Excerpts from a dataset:
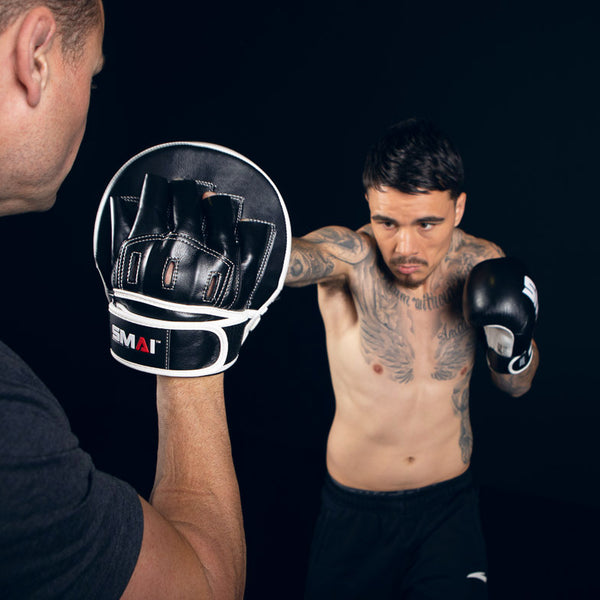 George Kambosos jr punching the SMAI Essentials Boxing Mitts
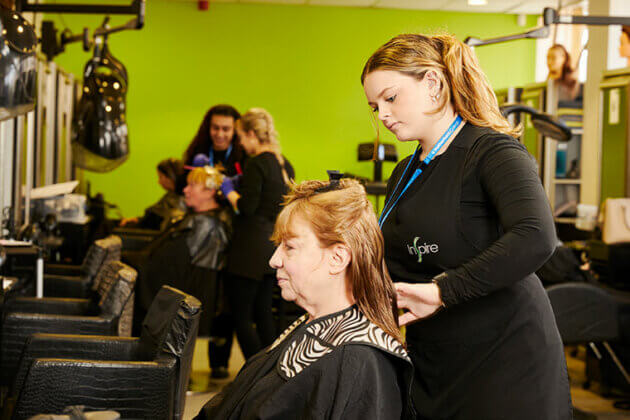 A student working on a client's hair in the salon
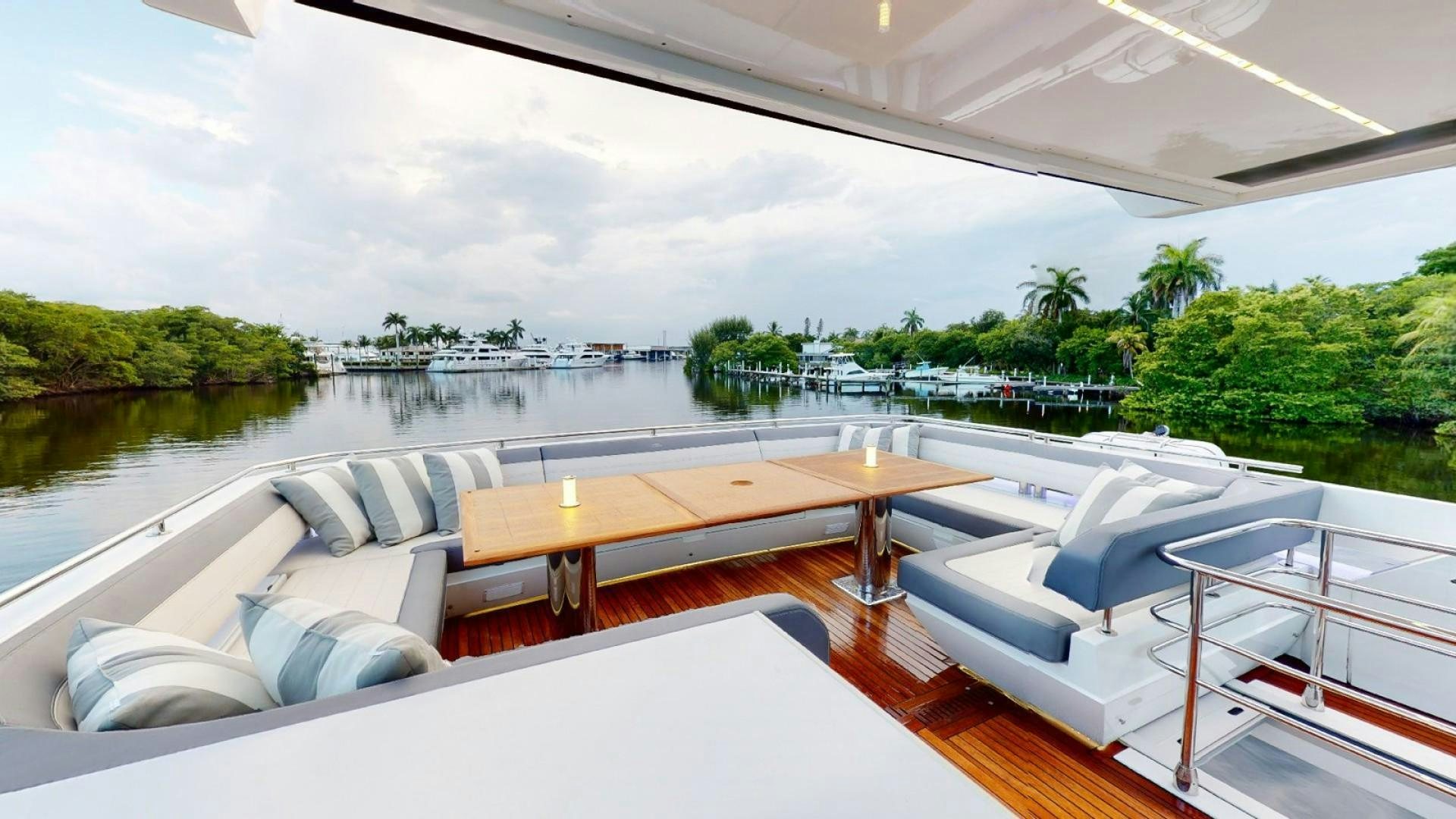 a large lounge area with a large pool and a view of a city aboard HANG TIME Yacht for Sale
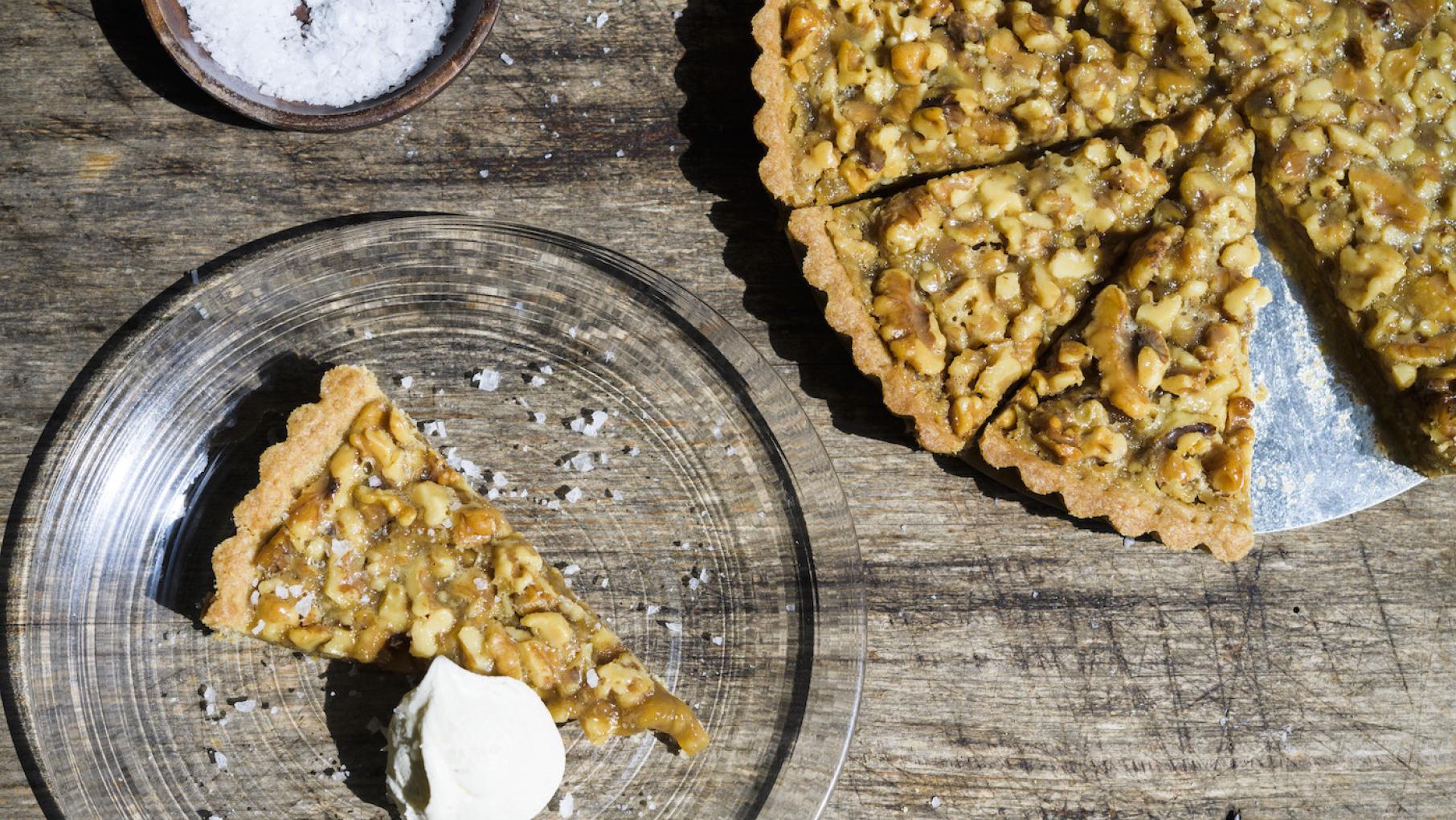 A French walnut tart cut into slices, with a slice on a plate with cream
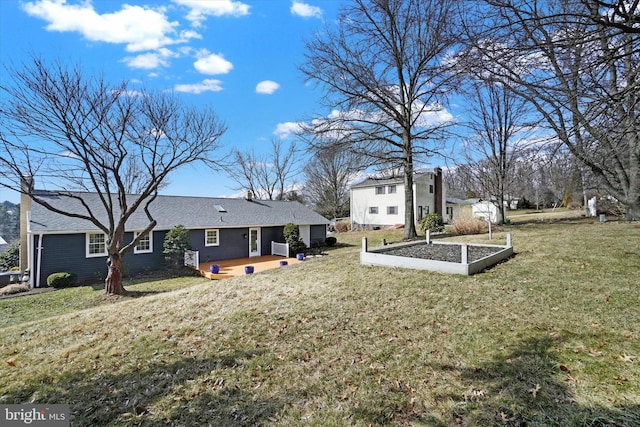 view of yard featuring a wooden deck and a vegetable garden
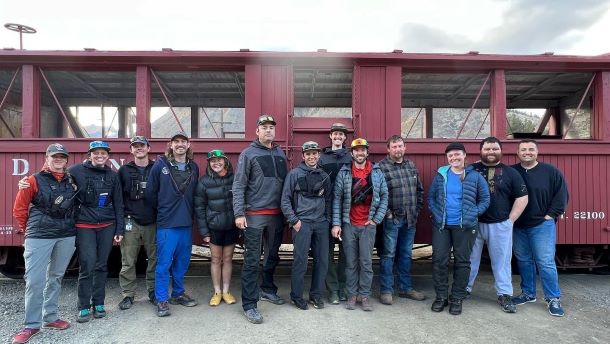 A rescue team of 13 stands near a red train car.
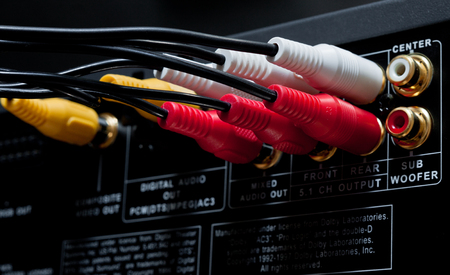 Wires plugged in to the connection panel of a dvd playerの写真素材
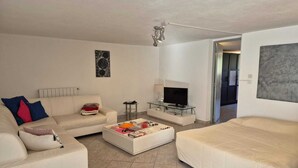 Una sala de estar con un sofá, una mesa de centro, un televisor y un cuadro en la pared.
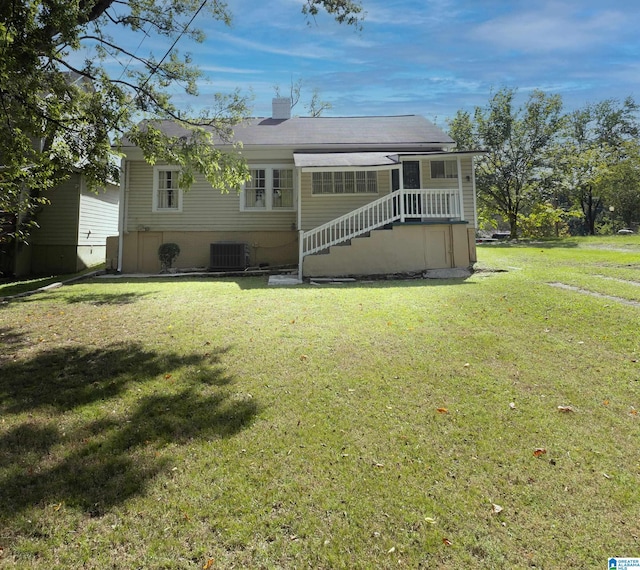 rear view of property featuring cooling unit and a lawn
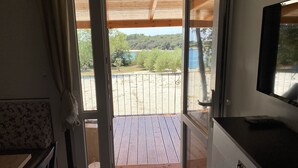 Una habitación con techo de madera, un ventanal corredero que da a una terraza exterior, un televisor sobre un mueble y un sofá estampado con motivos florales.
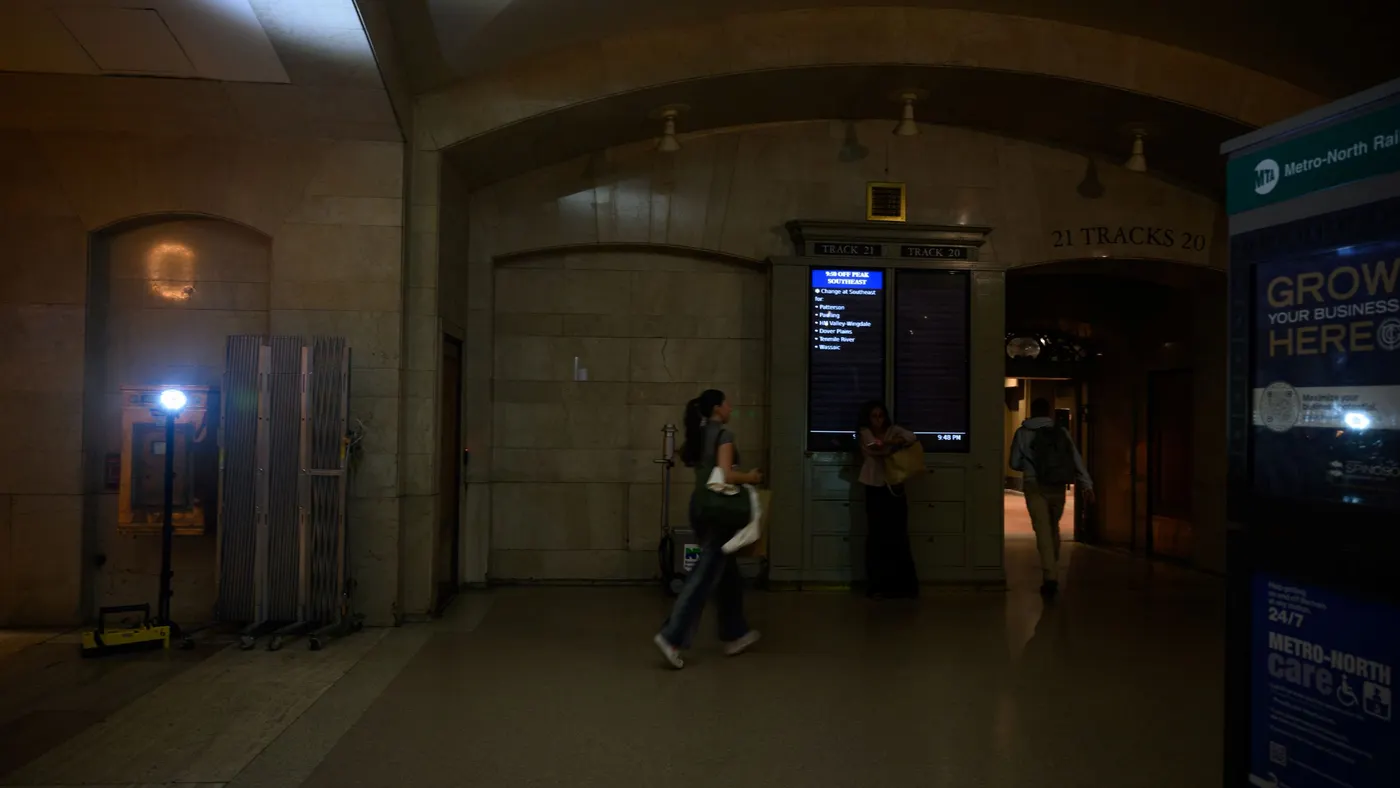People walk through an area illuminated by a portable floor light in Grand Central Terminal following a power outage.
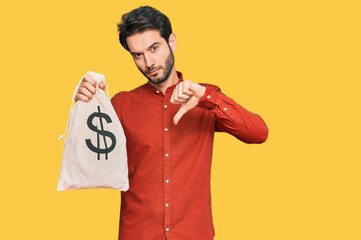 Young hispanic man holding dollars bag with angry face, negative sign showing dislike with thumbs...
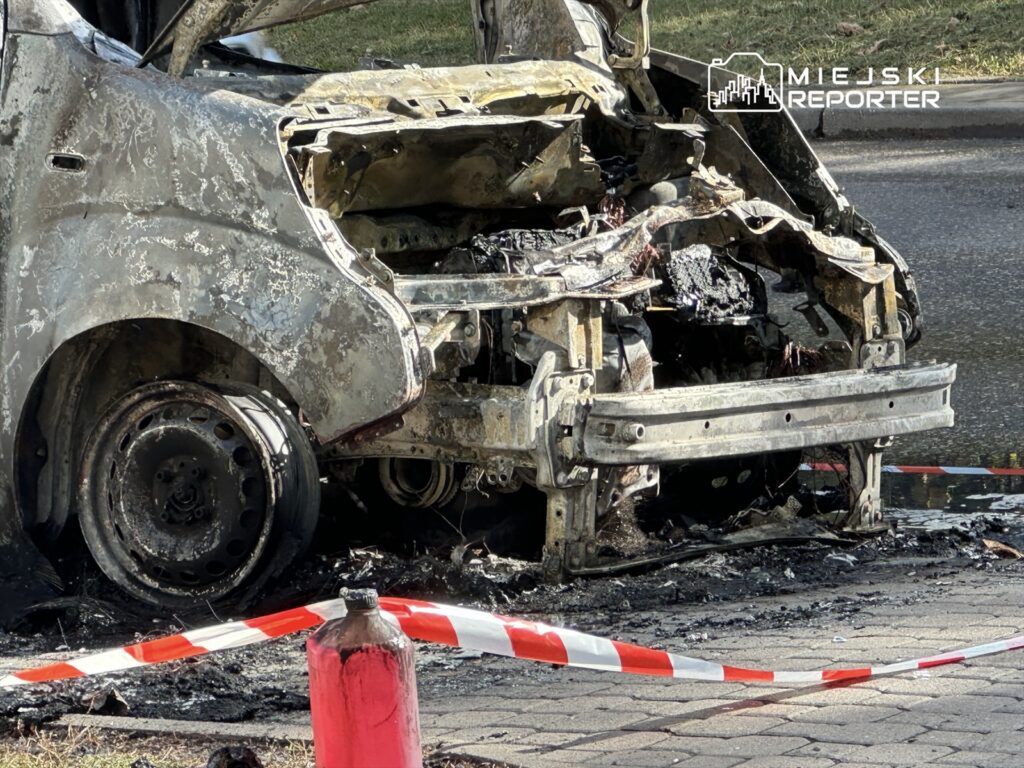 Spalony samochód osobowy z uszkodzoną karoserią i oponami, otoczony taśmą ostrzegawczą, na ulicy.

Exercise details: Each entry should be set down exactly, pictures excluded.

Written answer:
 George Kambosos jr punching the SMAI Essentials Boxing Mitts
 A student working on a client's hair in the salon
 a large lounge area with a large pool and a view of a city aboard HANG TIME Yacht for Sale
 A French walnut tart cut into slices, with a slice on a plate with cream
 view of yard featuring a wooden deck and a vegetable garden
 A rescue team of 13 stands near a red train car.
 Wires plugged in to the connection panel of a dvd playerの写真素材
 Una sala de estar con un sofá, una mesa de centro, un televisor y un cuadro en la pared.
 rear view of property featuring cooling unit and a lawn
 Una habitación con techo de madera, un ventanal corredero que da a una terraza exterior, un televisor sobre un mueble y un sofá estampado con motivos florales.
People walk through an area illuminated by a portable floor light in Grand Central Terminal following a power outage.
 Young hispanic man holding dollars bag with angry face, negative sign showing dislike with thumbs...
 Spalony samochód osobowy z uszkodzoną karoserią i oponami, otoczony taśmą ostrzegawczą, na ulicy.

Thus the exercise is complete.